If you see a California Highway Patrol (CHP) car with a purple ribbon flying from its antenna, you might wonder “Why?” The answer: August is “Purple Ribbon Month” to raise awareness for the “Unattended Child in a Motor Vehicle Act,” also known as “Kaitlyn’s Law.”
As the summer heat continues, the California Highway Patrol (CHP) has a warning for the motoring public: Never leave a child unattended in a vehicle.
The National Highway Traffic Safety Administration says heat stroke, a form of hyperthermia, is the leading cause of non-crash vehicle deaths for children under the age of 14.
In July 2008, 23 month-old Jack Winchester died after being left in his mother’s car. The mother was putting groceries away in their Canyon Country home, assuming her other children were watching the toddler.
“Vehicles heat up quickly, even with a window rolled down a couple of inches,” said CHP Commissioner Joe Farrow. “Even on a seemingly cool summer day, temperatures inside a vehicle can reach deadly levels within minutes.”

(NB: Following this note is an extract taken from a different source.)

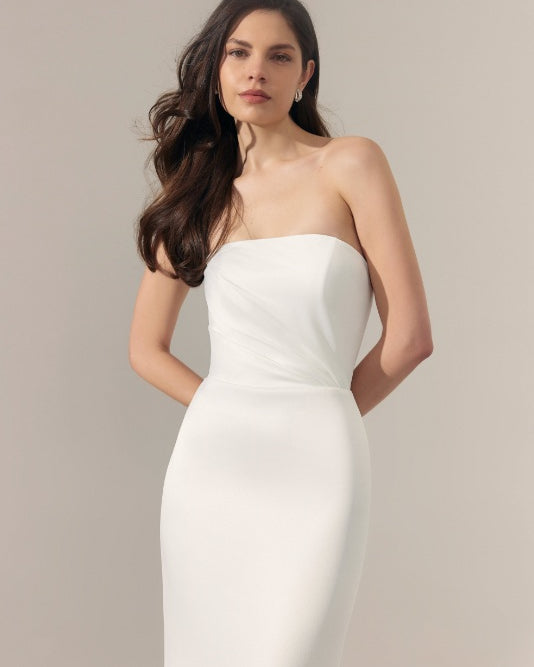 Strapless ivory satin wedding dress with straight across neckline.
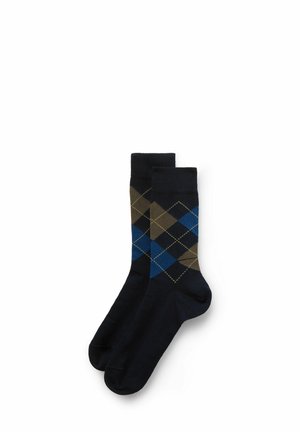 Navy blue socks featuring an argyle pattern with dark blue, brown, and green diamonds, crafted from soft, stretchy material.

This year in the United States, according to the Department of Geosciences at San Francisco State University, 26 fatalities have resulted from more than two dozen incidents involving children left alone in vehicles. One of those deaths occurred in California in April involving a 7-month-old Antioch girl.
“It only takes a few minutes for tragedy to occur,” added Commissioner Farrow. “If you see a child left unattended in a hot vehicle, call 911 immediately.”
California law prohibits anyone from leaving a child six years of age or younger unattended in a motor vehicle without the supervision of someone who is at least 12 years old. A violation of “Kaitlyn’s Law” will result in a fine; but more importantly, it could result in the permanent injury or death of a child.
Kaitlyn’s Law” went into effect in California, January 1, 2002. The law is in memory of Kaitlyn Marie Russell, a 6-month-old baby, who died from hyperthermia after being left unattended in a parked vehicle 10 years ago.
Purple Ribbon Month has been designated by “4 R Kids Sake,” a nationwide non-profit organization, to raise awareness for “Kaitlyn’s Law” while remembering the children who have lost their lives as a result of being unattended in a motor vehicle.